10) Gasoline demand in the US may be strong (albeit seasonally), but we as we exit the high-demand period for heating oil, inventories are above levels seen at the same time for the last five years. Meanwhile, crude inventories are above both last year’s level and well above the 5-yr average, and total products supplied (a proxy for total product demand) are below last year’s level and near the low end of the 5-year range.  Not crazy bullish.

*the bear in me

4 Comments on this post:

  1. Shreg says:

    So Smudger, I get the reasons why it should be falling. So why isn’t it?

  2. Matt Smith says:

    The market is running on emotion, Shreg – fear over fundamentals. A market that doesn’t fall on bearish news is not bearish; the trend is your friend. (insert favorite cliché here).

  3. Shreg says:

    Fear can be a good thing sometimes. It adds focus until it gets to panic levels.
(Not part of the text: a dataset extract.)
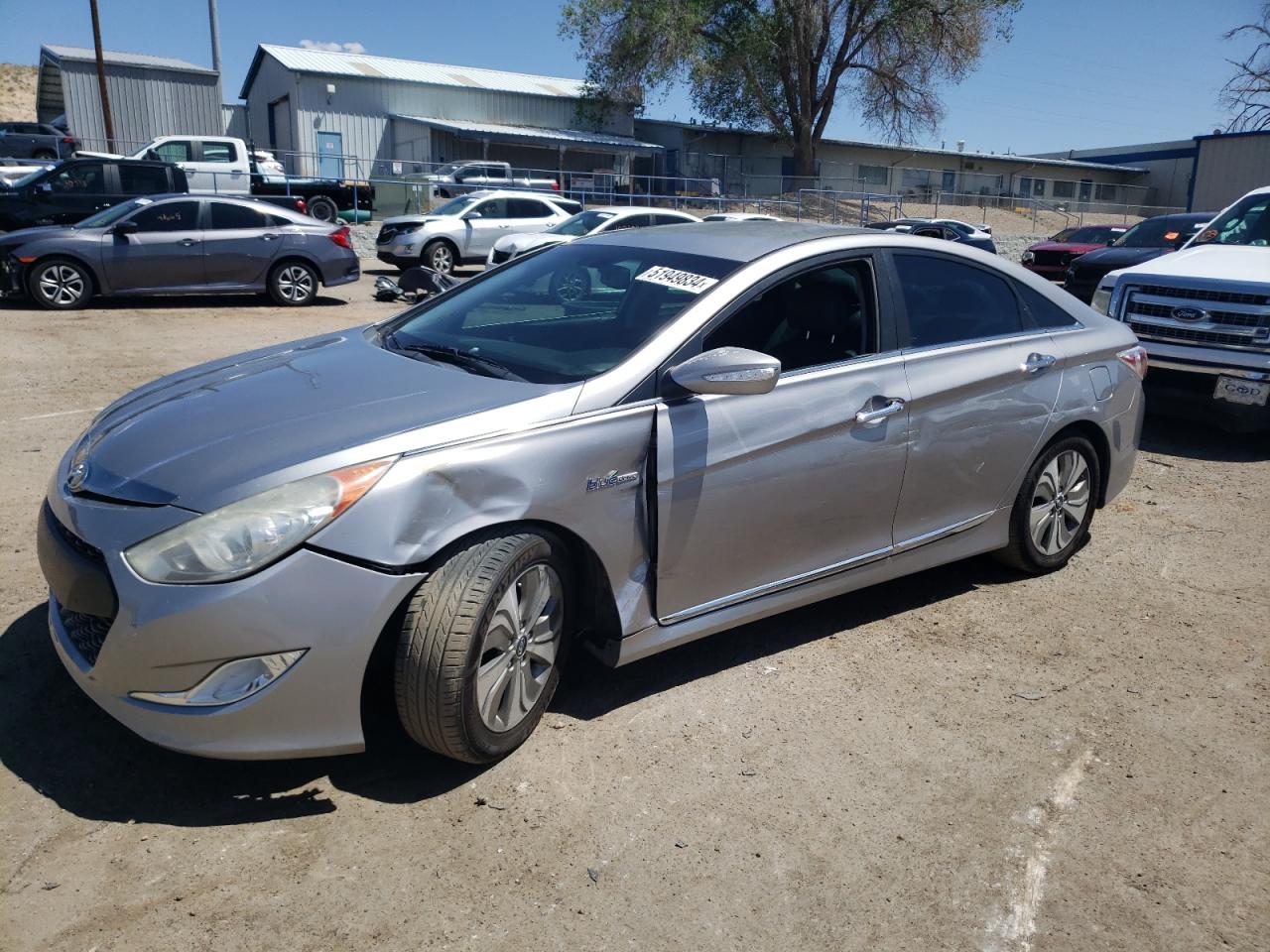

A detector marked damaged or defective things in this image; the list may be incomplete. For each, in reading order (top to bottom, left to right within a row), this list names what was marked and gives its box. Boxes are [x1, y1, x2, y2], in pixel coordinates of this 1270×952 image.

damaged silver sedan [40, 222, 1148, 762]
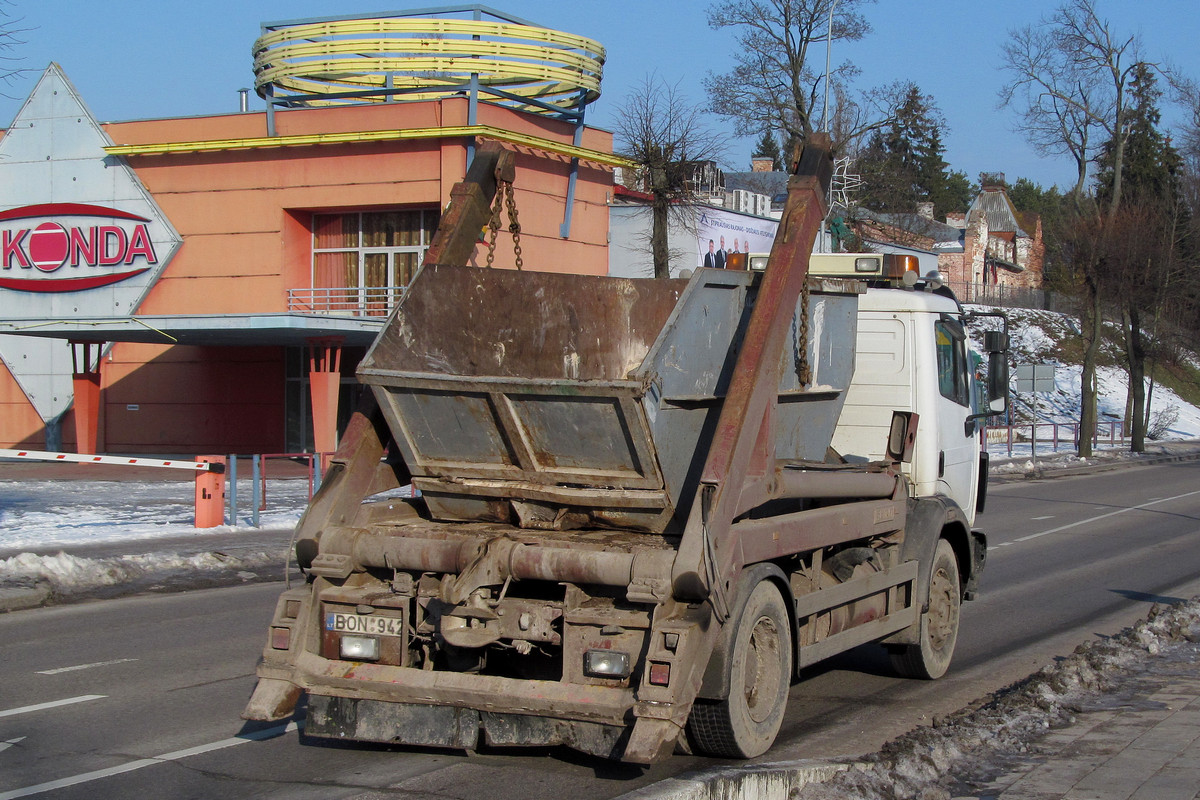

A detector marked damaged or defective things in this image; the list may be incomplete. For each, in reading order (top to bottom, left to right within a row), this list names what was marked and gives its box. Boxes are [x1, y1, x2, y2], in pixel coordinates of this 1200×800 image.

Great post as usual.

  4. Jim Etzkorn says:

    Stagflation – I’m surprised that this word doesn’t pop up more frequently than it does…you’re spot on for putting it out there. I suspect that the term brings back to many painful memories of the mid 1970s…memories that have not insignificant chance of being relived in the not too distant future.
    Nikkei – Correct again. Likely true that the unfortunate events there have created a buying opportunity for the (very) long term, but there are way too many unknowns in the near and medium term to count on any steady improvement aside from immediate recovery demand. This bouncing cat is likely dead.